La balle est plus que jamais dans le camp de deux partis flamands: l’Open Vld et le CD&V.

La stratégie est intelligente. Elle présente le mérite de n’exclure personne automatiquement – pas même la N-VA honnie par les socialistes –, d’impliquer tout le monde, de mettre chaque parti devant ses responsabilités… et de ne pas laisser le PS seul porter le poids d’un échec potentiel. Tactiquement, c’est bien joué. Paul Magnette sort de la dichotomie "coalition arc-en-ciel" contre "coalition jaune pourpre". L’informateur a la carrure pour la fonction.

Tout cela est très positif. Mais, aussi habile soit-il, ce "discours de la méthode" très cartésien ne peut masquer la réalité: les problèmes de fond demeurent. Politiques bien sûr: on l’a dit, le gouffre est abyssal entre partis.
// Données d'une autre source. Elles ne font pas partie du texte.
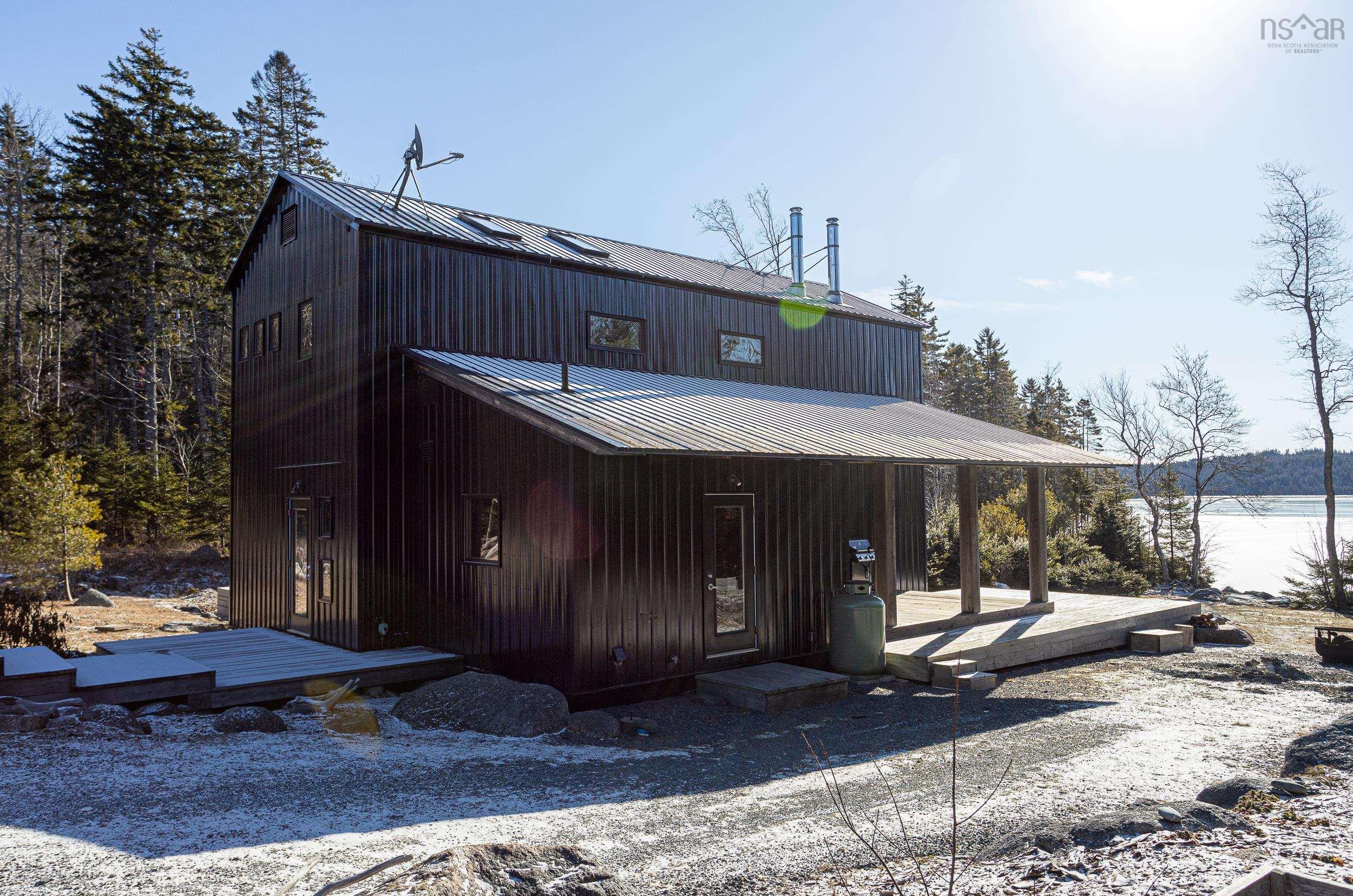 $783,000.00: 172 Paces Lake Drive, Musquodoboit Harbour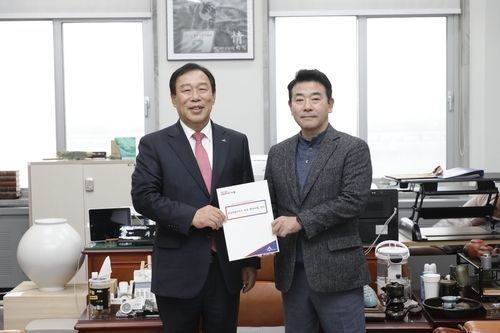 최민호 시장(왼쪽)과 박정 예결위원장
Mais aussi économiques: la Commission européenne a indiqué ce jeudi, dans ses prévisions pour 2020, que la Belgique serait, avec l’Italie, le plus mauvais élève de la zone euro en termes de croissance et de déficit public.

La balle est plus que jamais dans le camp de deux partis flamands: l’Open Vld et le CD&V. C’est eux qui doivent désormais trancher une question quasi existentielle: vont-ils (continuer à) courir après la N-VA, tant dans ses aspirations indépendantistes que dans son programme socio-économique de droite dure? Ou vont-ils opérer un recentrage, plus compatible avec les vœux d’une majorité de francophones, vers le libéralisme social pour les uns et la démocratie chrétienne traditionnelle pour les autres, tout en freinant toute fuite en avant séparatiste? La sortie médiatique de Mathias De Clercq, bourgmestre libéral de Gand, plaidant pour un "arc-en-ciel", montre que le débat vit. De la réponse à cette question dépendra en grande partie l’issue de la mission de Paul Magnette mais, peut-être plus largement, l’avenir du pays.

Pour décrire sa mission, l’informateur aurait pu utiliser une autre maxime célèbre du sage chinois: "Un voyage de mille lieues commence par un premier pas". Paul Magnette en est là: au premier pas.